* **Source data**
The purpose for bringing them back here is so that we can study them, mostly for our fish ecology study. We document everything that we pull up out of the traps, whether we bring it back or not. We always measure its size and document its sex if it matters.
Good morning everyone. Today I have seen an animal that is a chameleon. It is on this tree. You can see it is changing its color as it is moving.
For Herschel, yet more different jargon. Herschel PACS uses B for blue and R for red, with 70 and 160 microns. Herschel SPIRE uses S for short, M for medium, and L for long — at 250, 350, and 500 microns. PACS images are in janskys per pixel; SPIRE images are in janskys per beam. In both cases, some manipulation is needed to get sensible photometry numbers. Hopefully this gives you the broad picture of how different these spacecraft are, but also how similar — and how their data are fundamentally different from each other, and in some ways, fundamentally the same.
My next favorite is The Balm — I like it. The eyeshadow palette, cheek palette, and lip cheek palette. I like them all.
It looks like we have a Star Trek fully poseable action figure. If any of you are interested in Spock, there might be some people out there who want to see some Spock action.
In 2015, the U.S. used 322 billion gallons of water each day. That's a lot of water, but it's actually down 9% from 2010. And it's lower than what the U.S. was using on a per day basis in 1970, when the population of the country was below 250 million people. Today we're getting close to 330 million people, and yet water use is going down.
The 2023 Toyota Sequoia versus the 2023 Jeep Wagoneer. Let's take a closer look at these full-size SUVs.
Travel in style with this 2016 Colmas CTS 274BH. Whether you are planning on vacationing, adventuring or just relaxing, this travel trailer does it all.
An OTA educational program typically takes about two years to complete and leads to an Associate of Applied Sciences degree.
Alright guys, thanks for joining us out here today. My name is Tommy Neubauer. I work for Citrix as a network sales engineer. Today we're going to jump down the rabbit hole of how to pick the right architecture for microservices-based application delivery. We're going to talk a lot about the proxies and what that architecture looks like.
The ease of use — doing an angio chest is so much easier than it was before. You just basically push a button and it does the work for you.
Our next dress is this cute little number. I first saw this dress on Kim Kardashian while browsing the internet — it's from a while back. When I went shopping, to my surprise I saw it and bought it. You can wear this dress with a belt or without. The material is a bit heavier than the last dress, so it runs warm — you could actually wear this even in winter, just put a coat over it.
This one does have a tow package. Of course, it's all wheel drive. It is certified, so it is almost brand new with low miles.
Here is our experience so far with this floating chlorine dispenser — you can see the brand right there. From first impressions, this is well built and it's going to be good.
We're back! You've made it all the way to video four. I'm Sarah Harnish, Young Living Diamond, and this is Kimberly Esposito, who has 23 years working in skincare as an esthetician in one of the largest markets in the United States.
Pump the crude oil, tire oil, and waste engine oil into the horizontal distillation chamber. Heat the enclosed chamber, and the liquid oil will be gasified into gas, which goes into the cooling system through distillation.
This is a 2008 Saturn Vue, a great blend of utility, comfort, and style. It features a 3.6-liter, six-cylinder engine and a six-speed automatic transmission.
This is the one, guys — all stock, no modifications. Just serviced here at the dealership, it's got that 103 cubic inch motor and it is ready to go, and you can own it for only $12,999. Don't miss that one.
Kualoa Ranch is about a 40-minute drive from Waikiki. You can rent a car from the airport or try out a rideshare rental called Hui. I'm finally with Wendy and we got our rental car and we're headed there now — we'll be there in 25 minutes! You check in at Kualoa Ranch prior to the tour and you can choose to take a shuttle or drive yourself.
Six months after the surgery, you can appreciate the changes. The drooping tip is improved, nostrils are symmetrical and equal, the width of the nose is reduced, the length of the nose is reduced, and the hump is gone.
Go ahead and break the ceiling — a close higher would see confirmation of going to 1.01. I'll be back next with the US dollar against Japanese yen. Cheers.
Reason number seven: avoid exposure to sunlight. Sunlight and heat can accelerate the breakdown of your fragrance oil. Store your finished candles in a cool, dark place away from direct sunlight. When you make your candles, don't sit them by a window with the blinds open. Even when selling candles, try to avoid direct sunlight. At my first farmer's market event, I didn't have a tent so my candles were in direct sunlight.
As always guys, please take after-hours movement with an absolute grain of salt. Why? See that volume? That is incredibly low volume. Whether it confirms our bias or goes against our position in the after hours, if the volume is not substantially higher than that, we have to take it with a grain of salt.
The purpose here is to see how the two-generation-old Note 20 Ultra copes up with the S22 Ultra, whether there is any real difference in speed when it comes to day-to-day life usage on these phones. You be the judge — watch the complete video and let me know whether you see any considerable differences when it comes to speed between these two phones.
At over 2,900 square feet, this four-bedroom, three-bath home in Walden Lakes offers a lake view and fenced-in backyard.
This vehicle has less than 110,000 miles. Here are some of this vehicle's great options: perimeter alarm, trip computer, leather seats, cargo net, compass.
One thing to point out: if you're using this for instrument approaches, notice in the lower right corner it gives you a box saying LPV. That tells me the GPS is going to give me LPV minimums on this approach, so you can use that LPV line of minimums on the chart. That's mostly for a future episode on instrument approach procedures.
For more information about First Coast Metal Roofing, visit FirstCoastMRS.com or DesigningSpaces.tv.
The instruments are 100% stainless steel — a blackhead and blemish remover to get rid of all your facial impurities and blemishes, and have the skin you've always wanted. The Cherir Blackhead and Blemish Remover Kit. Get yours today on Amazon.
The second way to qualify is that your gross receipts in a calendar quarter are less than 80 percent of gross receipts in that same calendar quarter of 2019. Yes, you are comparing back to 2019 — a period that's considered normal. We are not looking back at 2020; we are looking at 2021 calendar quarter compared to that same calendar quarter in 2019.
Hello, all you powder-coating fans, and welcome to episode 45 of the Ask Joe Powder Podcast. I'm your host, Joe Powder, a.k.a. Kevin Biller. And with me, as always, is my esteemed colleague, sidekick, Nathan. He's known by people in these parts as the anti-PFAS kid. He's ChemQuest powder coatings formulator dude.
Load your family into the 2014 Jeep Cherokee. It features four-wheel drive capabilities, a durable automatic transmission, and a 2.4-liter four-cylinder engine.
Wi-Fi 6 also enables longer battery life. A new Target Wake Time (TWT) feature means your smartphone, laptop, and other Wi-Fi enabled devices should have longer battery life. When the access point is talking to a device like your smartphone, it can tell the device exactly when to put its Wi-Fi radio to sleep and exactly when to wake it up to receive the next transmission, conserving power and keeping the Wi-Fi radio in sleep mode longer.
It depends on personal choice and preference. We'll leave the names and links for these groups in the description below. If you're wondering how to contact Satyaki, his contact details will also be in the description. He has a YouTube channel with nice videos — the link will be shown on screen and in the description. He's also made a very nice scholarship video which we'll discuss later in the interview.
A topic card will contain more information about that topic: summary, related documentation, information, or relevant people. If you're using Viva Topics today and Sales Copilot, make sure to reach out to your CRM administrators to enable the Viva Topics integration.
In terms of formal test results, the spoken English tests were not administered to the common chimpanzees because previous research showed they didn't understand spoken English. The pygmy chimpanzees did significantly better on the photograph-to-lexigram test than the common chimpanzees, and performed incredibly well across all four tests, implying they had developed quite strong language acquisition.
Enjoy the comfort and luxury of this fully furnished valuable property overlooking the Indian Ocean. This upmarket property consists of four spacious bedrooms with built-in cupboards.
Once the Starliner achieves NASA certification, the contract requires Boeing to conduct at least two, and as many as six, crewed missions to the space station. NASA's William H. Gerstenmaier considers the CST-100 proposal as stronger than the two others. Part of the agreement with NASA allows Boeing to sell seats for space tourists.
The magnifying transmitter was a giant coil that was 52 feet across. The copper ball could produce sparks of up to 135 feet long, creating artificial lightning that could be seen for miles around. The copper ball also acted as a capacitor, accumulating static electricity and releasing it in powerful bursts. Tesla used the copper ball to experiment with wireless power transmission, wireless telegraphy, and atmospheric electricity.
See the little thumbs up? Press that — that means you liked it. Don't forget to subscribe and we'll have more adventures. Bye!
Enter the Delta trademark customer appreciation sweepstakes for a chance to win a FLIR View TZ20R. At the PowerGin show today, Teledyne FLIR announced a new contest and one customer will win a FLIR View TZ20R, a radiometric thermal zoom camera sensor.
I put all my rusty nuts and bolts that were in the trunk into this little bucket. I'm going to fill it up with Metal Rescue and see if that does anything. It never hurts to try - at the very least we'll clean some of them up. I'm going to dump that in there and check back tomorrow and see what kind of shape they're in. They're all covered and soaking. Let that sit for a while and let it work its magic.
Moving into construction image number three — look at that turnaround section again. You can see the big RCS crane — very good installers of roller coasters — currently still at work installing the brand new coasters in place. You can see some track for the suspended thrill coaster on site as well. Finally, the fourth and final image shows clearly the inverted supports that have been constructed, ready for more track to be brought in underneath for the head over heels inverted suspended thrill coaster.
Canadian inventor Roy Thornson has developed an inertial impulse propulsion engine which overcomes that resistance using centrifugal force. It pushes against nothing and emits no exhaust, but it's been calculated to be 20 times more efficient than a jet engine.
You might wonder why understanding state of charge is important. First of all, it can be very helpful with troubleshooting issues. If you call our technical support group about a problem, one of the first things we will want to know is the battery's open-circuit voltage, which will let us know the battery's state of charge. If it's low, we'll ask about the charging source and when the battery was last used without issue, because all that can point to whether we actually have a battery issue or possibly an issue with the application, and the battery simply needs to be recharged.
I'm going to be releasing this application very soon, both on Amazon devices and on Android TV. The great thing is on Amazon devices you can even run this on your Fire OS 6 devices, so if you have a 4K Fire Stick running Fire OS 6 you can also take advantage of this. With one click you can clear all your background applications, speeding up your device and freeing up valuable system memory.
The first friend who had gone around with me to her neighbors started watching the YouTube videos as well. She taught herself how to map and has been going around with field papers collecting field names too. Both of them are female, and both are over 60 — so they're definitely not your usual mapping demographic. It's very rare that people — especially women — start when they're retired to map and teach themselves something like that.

* **Prompt**
Only lines containing "valuable" belong in the answer; copy every such line from the records.

* **Solution**
Enjoy the comfort and luxury of this fully furnished valuable property overlooking the Indian Ocean. This upmarket property consists of four spacious bedrooms with built-in cupboards.
I'm going to be releasing this application very soon, both on Amazon devices and on Android TV. The great thing is on Amazon devices you can even run this on your Fire OS 6 devices, so if you have a 4K Fire Stick running Fire OS 6 you can also take advantage of this. With one click you can clear all your background applications, speeding up your device and freeing up valuable system memory.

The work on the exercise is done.